There are a lot of people that would object at my even raising this question? It will be read as hitting below the belt, playing the race card. That’s not my intention here. I have listened to conversations among the leadership at Arena Stage where this issue was sweated over. People want to do the right thing. But, the money is so good. So, an African-American director is engaged, etc. We make our deal with the devil and we do the best we can. Like me. I haven’t thrown my Clapton recording away, either.
I’m probably going to get in trouble with this post. People are still talking about the Wilson-Brustein debate on this issue. Personally, I always thought August Wilson was on the side of the angels. I thought he was right.
I think he could taste what was missing.
PS: Another Point of View
In his blog, The Artful Manager, Andrew Taylor contemplates the question of cultural ownership from a different point of view.

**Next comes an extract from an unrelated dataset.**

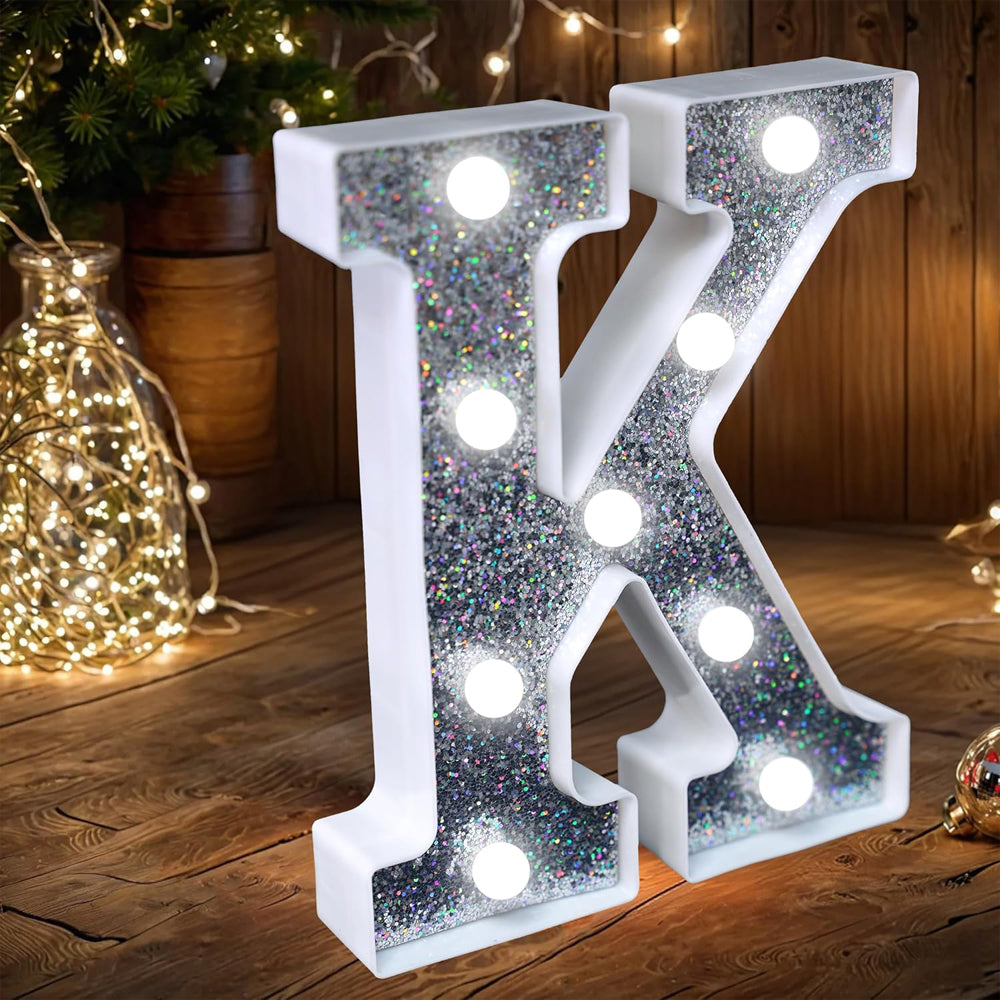 Letter K Style LED Marquee Lamp, Silver Glitter Light Up Letter Sign, Battery Powered Tabletop Decorative Marquee Light with On/Off Switch for Wedding, Birthday, Party and Home Decor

The point - counterpoint frames of reference are quite interesting. As always, Andrew is compelling. Give it a read.
Who Owns Culture?
http://www.artsjournal.com/artfulmanager/main/007894.php
Comments
I was once at the Moosehead Pub...a Canadian-themed pub in Paris, run by Australians. The decor included all the requisite beaver pelts, lobster traps, and maple leafs. Moosehead beer was on tap, of course.
The appropriation of aesthetics has plagued architecture for more than the last two decades. After the sleek lines, vast surfaces, simplicity, and elegance of mid-20th century modernism we have to endure the pastiches of present-day suburbia...a bit of Roman ruins here and an Egyptian sarcophagus there. Is this because there really is nothing new under the sun? Or do we simply cater to unrefined taste? Do we just create what sells? Enough with the stucco-bumps.
I applaud this blog. And you wrote it so well, Neill. A real pleasure. So, bro', keep it real.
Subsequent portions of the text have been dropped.